### What is required
Please repeat exactly the lines below from the one containing "ミネラルって？体に必要な理由は！" down to the one containing "Iterative Progress in", both included, and nothing else.

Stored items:

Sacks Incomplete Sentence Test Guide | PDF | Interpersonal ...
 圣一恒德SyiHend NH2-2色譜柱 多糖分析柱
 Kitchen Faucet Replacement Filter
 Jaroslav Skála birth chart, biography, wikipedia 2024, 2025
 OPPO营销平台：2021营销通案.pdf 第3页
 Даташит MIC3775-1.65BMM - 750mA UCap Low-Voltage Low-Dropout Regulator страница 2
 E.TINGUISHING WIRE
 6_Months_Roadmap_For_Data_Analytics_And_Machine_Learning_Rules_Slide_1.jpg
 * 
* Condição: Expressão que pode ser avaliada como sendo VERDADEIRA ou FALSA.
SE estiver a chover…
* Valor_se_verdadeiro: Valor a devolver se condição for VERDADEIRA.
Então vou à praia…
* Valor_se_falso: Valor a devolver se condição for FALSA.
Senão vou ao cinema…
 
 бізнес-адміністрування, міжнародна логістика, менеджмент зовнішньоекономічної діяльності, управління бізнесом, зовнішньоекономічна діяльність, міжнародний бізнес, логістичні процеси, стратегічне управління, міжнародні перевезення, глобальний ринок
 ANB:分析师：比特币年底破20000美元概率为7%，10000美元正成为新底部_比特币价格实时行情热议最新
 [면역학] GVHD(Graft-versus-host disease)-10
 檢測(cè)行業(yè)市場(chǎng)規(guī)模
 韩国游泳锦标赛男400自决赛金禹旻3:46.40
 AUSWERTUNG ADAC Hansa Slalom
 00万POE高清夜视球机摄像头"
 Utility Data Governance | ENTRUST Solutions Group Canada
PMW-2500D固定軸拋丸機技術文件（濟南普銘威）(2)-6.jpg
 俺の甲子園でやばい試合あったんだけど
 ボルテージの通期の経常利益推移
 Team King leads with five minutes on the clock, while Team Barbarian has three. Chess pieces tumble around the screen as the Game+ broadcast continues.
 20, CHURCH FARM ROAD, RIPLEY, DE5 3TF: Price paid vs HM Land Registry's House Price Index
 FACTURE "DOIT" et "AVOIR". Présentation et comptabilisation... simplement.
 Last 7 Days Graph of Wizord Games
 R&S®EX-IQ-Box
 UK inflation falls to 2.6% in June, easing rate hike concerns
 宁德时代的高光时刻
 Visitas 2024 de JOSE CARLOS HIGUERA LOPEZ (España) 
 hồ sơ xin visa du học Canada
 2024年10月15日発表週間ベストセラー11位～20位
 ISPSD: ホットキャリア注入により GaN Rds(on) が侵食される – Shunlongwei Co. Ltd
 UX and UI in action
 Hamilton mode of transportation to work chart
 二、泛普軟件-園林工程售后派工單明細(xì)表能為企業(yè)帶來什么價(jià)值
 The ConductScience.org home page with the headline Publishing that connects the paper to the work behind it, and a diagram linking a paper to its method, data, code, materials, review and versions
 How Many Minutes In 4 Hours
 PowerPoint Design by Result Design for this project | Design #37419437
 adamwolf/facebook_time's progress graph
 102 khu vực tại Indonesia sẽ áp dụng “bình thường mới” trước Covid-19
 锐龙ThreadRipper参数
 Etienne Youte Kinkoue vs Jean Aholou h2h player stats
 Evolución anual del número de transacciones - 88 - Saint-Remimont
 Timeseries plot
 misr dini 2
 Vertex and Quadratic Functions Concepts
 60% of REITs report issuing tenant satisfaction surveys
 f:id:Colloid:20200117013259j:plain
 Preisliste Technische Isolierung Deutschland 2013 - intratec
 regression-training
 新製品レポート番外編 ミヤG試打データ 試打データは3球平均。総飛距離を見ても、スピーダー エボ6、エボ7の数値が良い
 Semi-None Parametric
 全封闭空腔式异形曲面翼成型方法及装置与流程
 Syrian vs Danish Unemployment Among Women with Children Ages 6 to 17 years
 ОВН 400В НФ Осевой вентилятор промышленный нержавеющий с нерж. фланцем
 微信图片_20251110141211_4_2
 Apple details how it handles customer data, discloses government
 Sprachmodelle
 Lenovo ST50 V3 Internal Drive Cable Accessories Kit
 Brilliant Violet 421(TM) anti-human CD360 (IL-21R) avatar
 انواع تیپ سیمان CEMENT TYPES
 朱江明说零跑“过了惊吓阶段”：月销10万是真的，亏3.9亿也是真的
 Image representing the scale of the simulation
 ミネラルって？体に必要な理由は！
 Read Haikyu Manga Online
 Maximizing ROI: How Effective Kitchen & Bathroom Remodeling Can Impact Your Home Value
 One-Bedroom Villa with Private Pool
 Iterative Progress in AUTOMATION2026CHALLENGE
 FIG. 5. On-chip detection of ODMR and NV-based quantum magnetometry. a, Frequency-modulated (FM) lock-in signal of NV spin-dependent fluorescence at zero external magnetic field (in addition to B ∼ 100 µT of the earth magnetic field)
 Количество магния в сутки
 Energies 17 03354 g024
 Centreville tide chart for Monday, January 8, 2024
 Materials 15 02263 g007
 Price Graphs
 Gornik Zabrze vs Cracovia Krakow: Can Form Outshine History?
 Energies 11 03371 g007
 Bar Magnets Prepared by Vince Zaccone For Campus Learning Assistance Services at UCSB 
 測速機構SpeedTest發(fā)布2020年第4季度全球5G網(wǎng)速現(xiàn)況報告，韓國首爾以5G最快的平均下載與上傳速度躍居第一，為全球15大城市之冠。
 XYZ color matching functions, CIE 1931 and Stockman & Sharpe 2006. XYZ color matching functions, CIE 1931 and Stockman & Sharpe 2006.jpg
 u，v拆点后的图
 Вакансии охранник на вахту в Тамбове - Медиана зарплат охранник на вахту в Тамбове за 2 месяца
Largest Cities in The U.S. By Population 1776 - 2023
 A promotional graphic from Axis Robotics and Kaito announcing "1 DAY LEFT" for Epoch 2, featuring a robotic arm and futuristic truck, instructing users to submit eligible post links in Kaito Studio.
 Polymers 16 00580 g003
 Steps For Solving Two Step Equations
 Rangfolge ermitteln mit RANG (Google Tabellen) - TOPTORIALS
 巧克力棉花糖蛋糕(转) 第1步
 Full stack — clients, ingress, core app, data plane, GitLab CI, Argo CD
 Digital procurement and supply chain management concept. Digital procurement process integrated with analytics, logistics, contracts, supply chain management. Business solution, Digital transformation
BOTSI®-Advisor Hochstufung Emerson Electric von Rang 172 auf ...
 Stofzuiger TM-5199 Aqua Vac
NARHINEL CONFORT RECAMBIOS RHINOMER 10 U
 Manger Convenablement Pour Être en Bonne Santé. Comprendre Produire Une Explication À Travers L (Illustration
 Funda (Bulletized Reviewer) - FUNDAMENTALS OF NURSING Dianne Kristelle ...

### Answer to this task
 ミネラルって？体に必要な理由は！
 Read Haikyu Manga Online
 Maximizing ROI: How Effective Kitchen & Bathroom Remodeling Can Impact Your Home Value
 One-Bedroom Villa with Private Pool
 Iterative Progress in AUTOMATION2026CHALLENGE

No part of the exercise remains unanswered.